El viernes pasado vio algo que le hizo sentir muy bien. Conducían hacia la sierra de Madrid, ya de noche. De pronto, al girar en una curva de la carretera, los faros alumbraron un erizo al que casi atropellaron. Pararon en la cuneta sin pensarlo y salieron corriendo dejando las puertas abiertas del coche para poder verlo de cerca. Después de haber leído tantos cuentos en los que el protagonista era un erizo, ver uno por primera vez era muy emocionante. De repente, cruzó otro en la misma dirección. ¡Era una pareja! Era una suerte poder admirar unos animales tan fascinantes en libertad y por partida doble.

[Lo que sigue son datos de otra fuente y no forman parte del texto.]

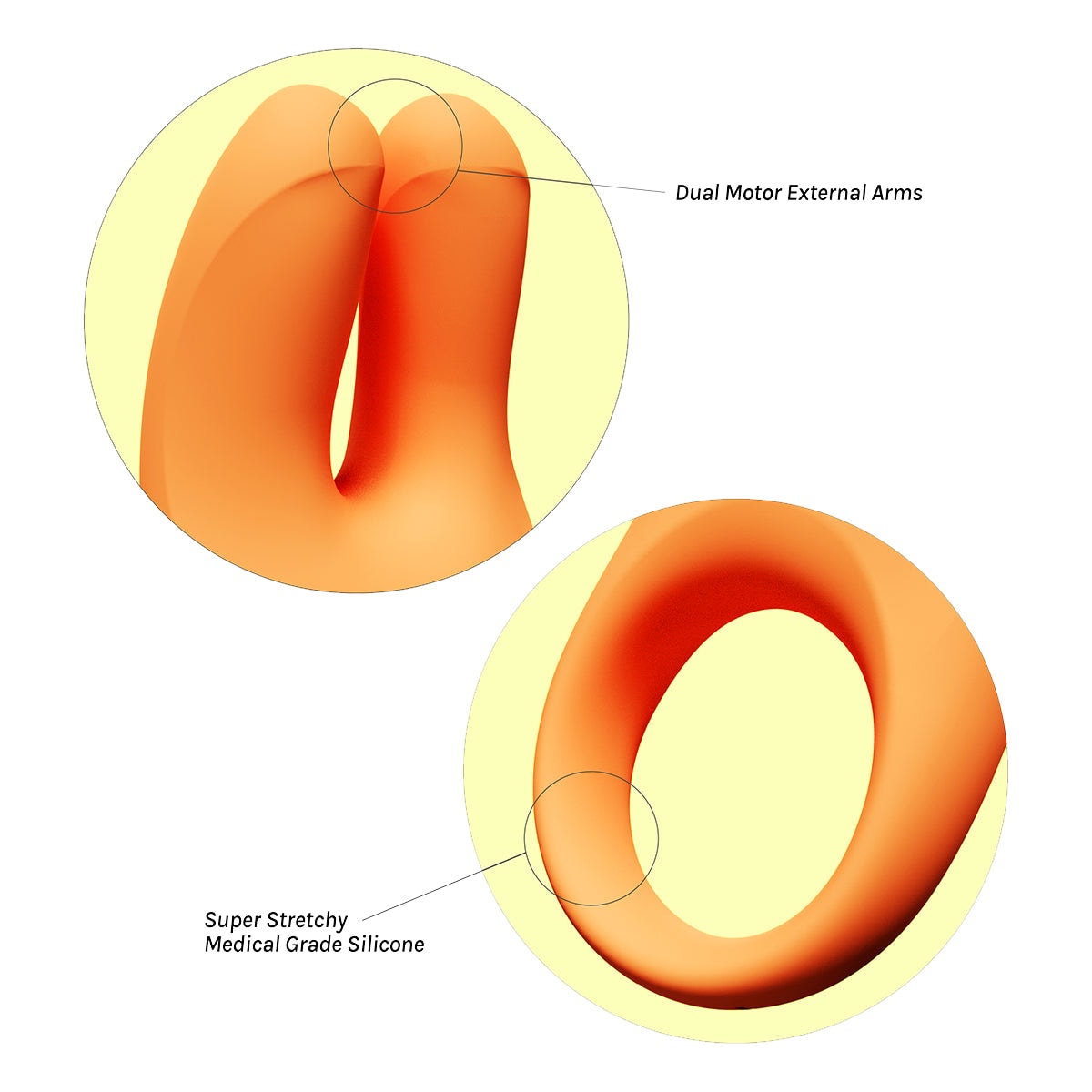 Vush Orb Pleasure Ring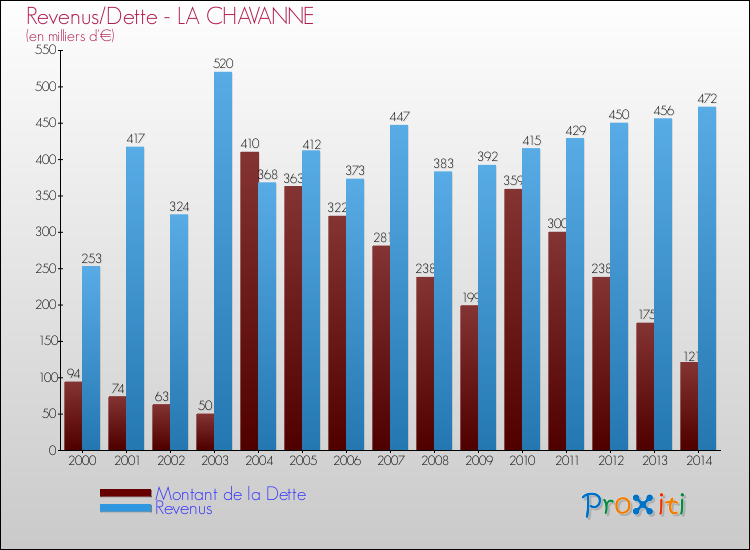 Evolution comparée de la dette et des revenus pour la commune de LA CHAVANNE de 2000 à 2014 Comparaison de la dette et des revenus pour LA CHAVANNE de 2000 à 2014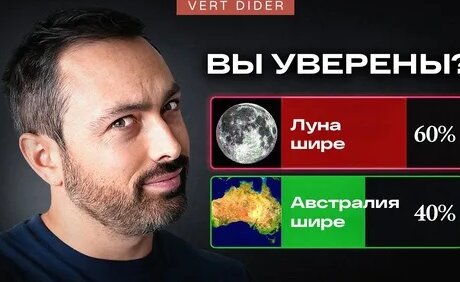 Александр Зубарев Дзен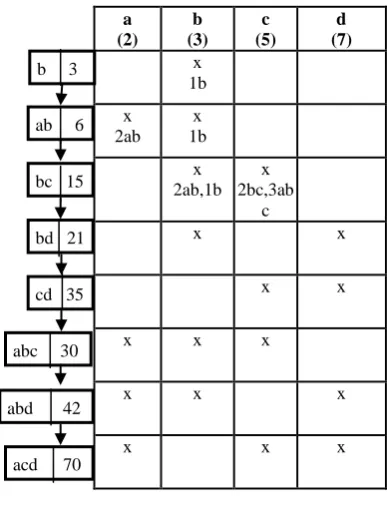 Figure 3: Matrix II 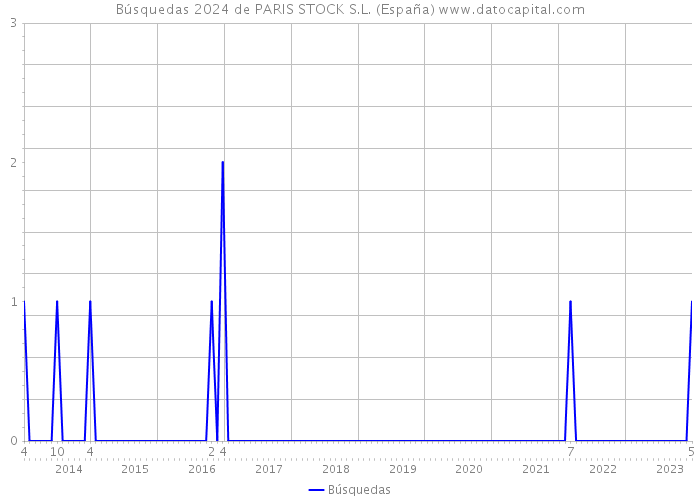 Búsquedas 2024 de PARIS STOCK S.L. (España) 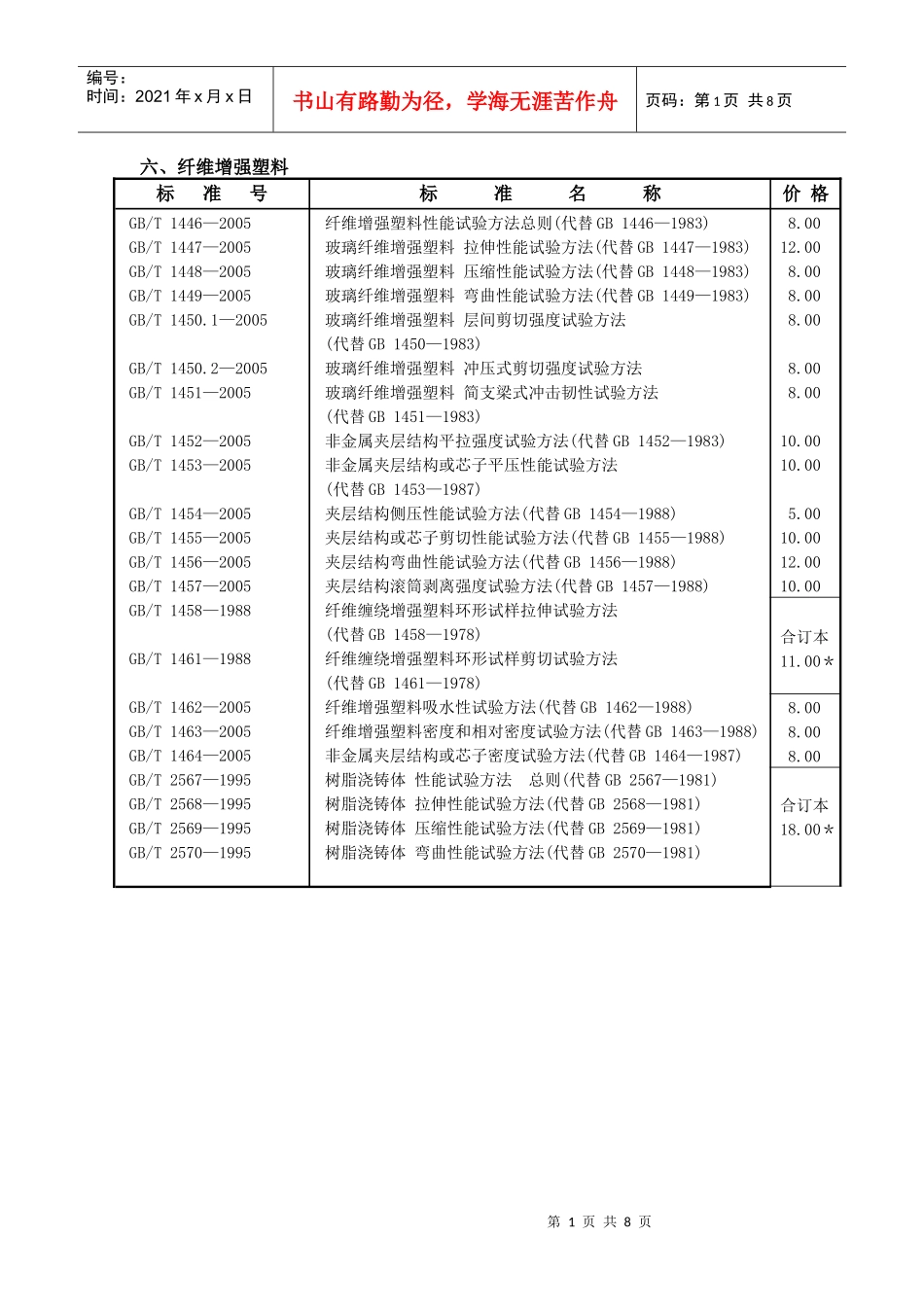 六、纤维增强塑料_第1页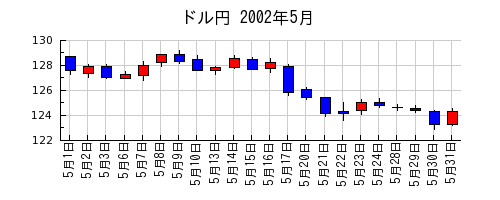 ドル円の2002年5月のチャート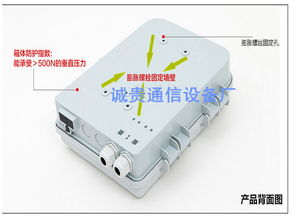 電信FTTH場景下的核心組件 詳析8芯光纖分纖盒及慈溪市觀海衛(wèi)誠貴通信設備廠的SAC FC配置方案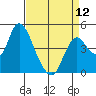 Point Buckler tide chart for Friday, April 12, 2024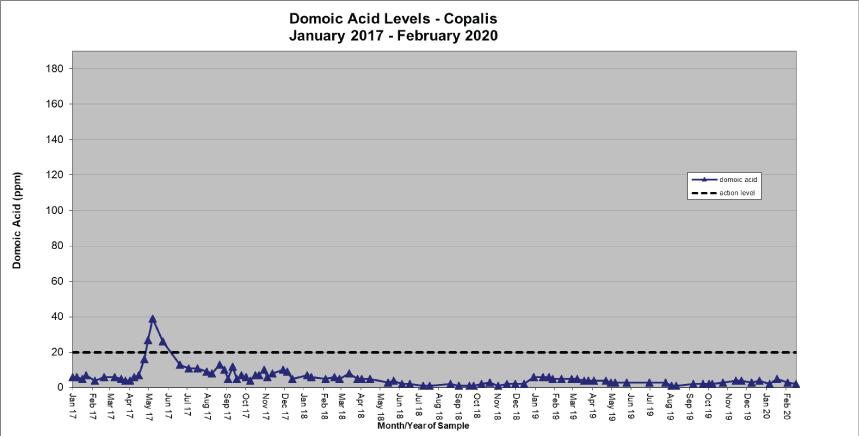 Chart: Domoic Acid Levels-Copalis-2017-2019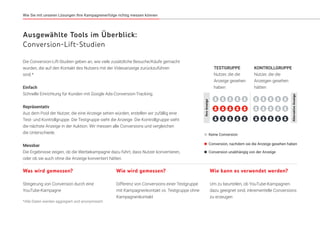 Was wird gemessen?
Steigerung von Conversion durch eine
YouTube-Kampagne
Wie wird gemessen?
Differenz von Conversions einer Testgruppe
mit Kampagnenkontakt vs. Testgruppe ohne
Kampagnenkontakt
Wie kann es verwendet werden?
Um zu beurteilen, ob YouTube-Kampagnen
dazu geeignet sind, inkrementelle Conversions
zu erzeugen
Ausgewählte Tools im Überblick:
Conversion-Lift-Studien
Die Conversion-Lift-Studien geben an, wie viele zusätzliche Besuche/Käufe gemacht
wurden, die auf den Kontakt des Nutzers mit der Videoanzeige zurückzuführen
sind.*
Einfach
Schnelle Einrichtung für Kunden mit Google Ads-Conversion-Tracking.
Repräsentativ
Aus dem Pool der Nutzer, die eine Anzeige sehen würden, erstellen wir zufällig eine
Test- und Kontrollgruppe. Die Testgruppe sieht die Anzeige. Die Kontrollgruppe sieht
die nächste Anzeige in der Auktion. Wir messen alle Conversions und vergleichen
die Unterschiede.
Messbar
Die Ergebnisse zeigen, ob die Werbekampagne dazu führt, dass Nutzer konvertieren,
oder ob sie auch ohne die Anzeige konvertiert hätten.
*Alle Daten werden aggregiert und anonymisiert.
Keine Conversion
Conversion, nachdem sie die Anzeige gesehen haben
Conversion unabhängig von der Anzeige
IhreAnzeige
AlternativeAnzeige
TESTGRUPPE
Nutzer, die die
Anzeige gesehen
haben
KONTROLLGRUPPE
Nutzer, die die
Anzeigen gesehen
hätten
Wie Sie mit unseren Lösungen Ihre Kampagnenerfolge richtig messen können
 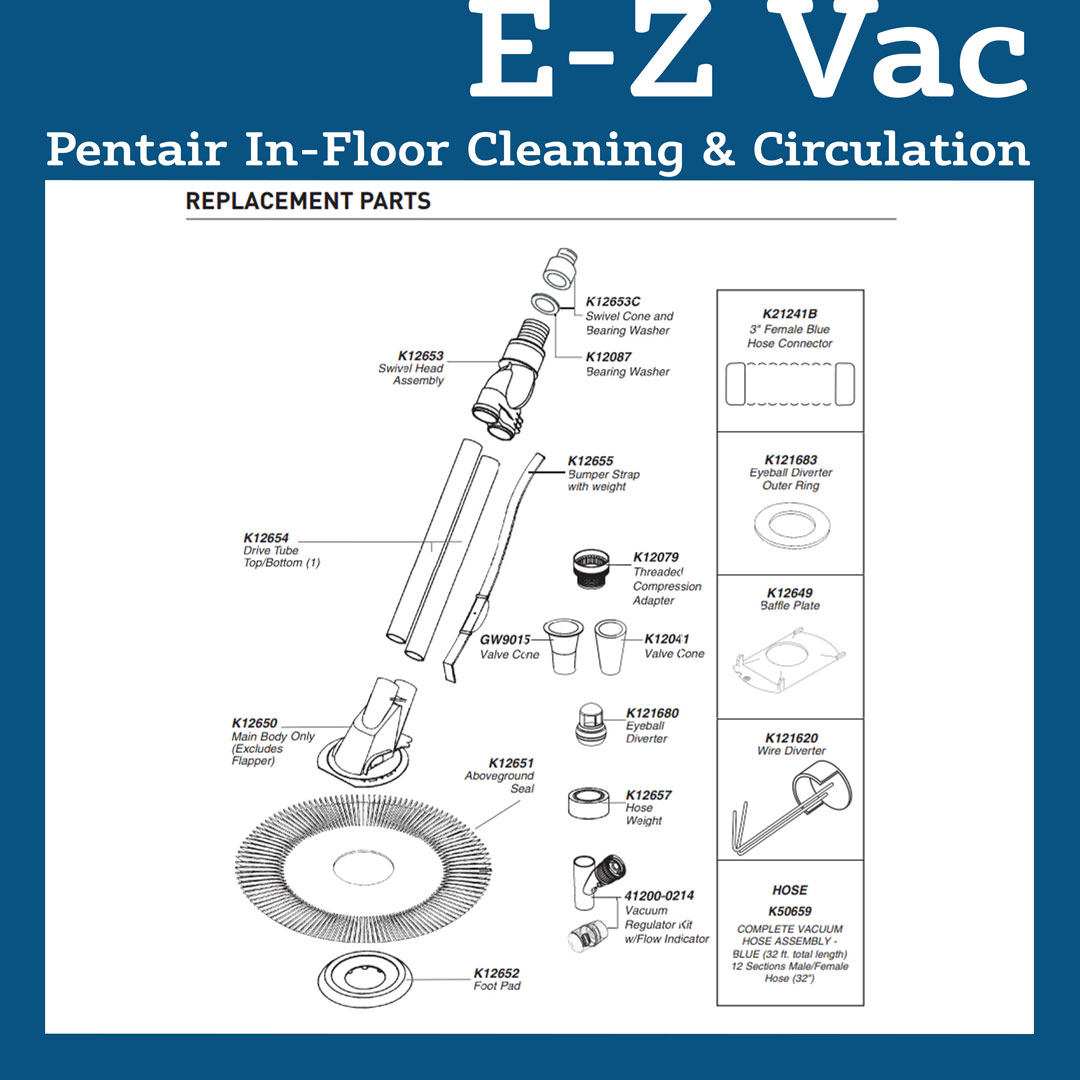 Parts List for Cleaner Parts List: Pentair KK E-Z Vac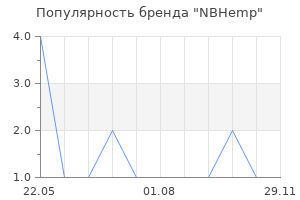 Популярность бренда NBHemp
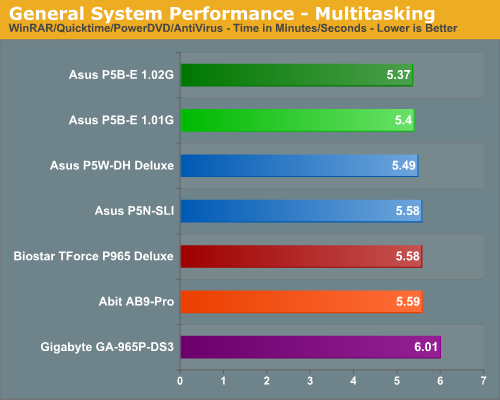 General CPU Performance - Multitasking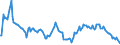 Indicator: Market Hotness:: Median Listing Price in Franklin County, OH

Con esas patitas tan cortas, los erizos no pueden correr muy deprisa, pero uno de ellos consiguió escapar y esconderse detrás de un árbol, mientras ellos inspeccionaban a su compañero. El pobre erizo se quedó quietecito justo al borde de la carretera, asustado por sus gritos de “¡Mira, un erizo!” y de “¡Vamos a cogerlo, vamos a cogerlo!”. En el momento en el que ella se agachó para verlo de cerca, el erizo empezó a enrollarse sobre sí mismo hasta quedar convertido en una auténtica bolita en la que no se diferenciaban ni cara, ni patas, ni barriga. Solo púas.
Con ayuda de la chaqueta, lo cogieron y lo dejaron junto al otro erizo, para que pudieran seguir su camino. Volvieron al coche y les dejaron allí, preocupados por si volverían a cruzar la carretera y preguntándose qué demonios hace el ser humano en este mundo, fastidiando la vida a animales tan indefensos y maravillosos como estos.